A connector for Spark that allows reading and writing to/from Redis cluster
BSD 3-Clause "New" or "Revised" License
935 stars 368 forks source link

Feature Request: improve table deletion speed #332

Open jeisinge opened 2 years ago

jeisinge commented 2 years ago

Background

We write out tens of millions of entries from Spark to a Redis table that are versioned by the date - something like table_20211203. This works well.

Due to memory constraints, we need to delete these tables after a new deployment. However, when we go to delete, it takes over 30 minutes.
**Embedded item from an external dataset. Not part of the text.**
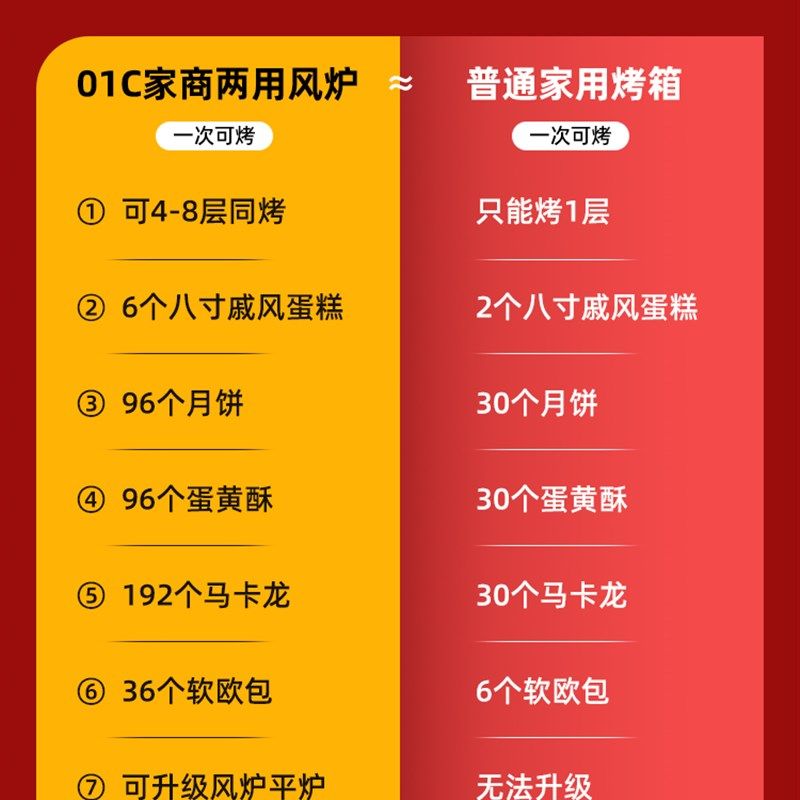 艾瑞斯风炉商用电烤箱热风烤箱大容量家用私房烘焙蛋糕平炉二合一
Our code for delete looks like:

val emptyRedisTable = Seq(("foo", "bar"))
    .toDF("name", "value")
    .cache

  emptyRedisTable
    .write
    .format("org.apache.spark.sql.redis")
    .option("host", RedisHost)
    .option("port", RedisPort)
    .option("table", redisTableName)
    .option("key.column", "name")         // stream key
    .option("ttl", 1)  // set TTL to 1 second, so this record itself disappear too.
    .mode(SaveMode.Overwrite)
    .save()

Value

Improve deletion speeds of full tables.

Solution

Document and/or create a better way to delete an entire table written from Spark.

Details

I believe the issue is that the table's rows are stored as regular key-values. The result is a full table scan needs to be completed to understand which keys need to be deleted.

Instead, what if the table was stored as a hash? That way, I believe, a simple DEL table_name would suffice. Obviously, the columns would have to be something like id_column_name inside of the hash. So, some downstream operations could be more complicated.